**Information**

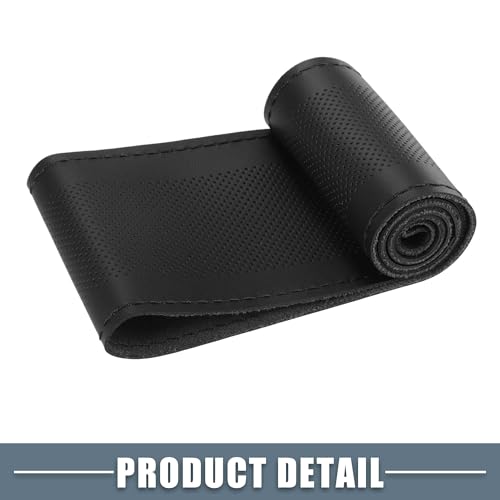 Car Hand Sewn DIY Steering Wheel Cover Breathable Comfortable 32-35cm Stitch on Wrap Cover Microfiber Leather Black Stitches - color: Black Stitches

...

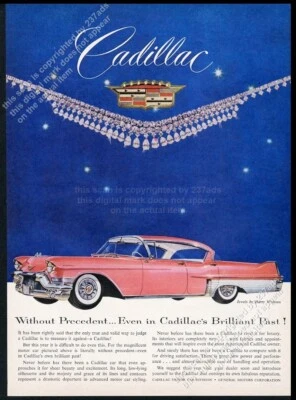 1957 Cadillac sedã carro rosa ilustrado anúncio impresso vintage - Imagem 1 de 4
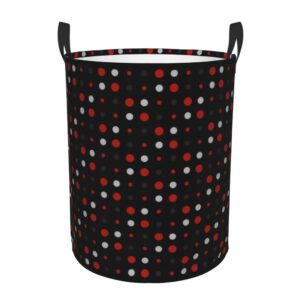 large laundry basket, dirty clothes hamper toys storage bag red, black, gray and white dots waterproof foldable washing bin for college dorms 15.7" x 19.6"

**What is expected**
Of the records above, print only the lines from the one containing "1957 Cadillac sedã" through the one containing "large laundry basket, dirty", inclusive and unaltered, leaving out pictures.

**Result for this exercise**
 1957 Cadillac sedã carro rosa ilustrado anúncio impresso vintage - Imagem 1 de 4
 large laundry basket, dirty clothes hamper toys storage bag red, black, gray and white dots waterproof foldable washing bin for college dorms 15.7" x 19.6"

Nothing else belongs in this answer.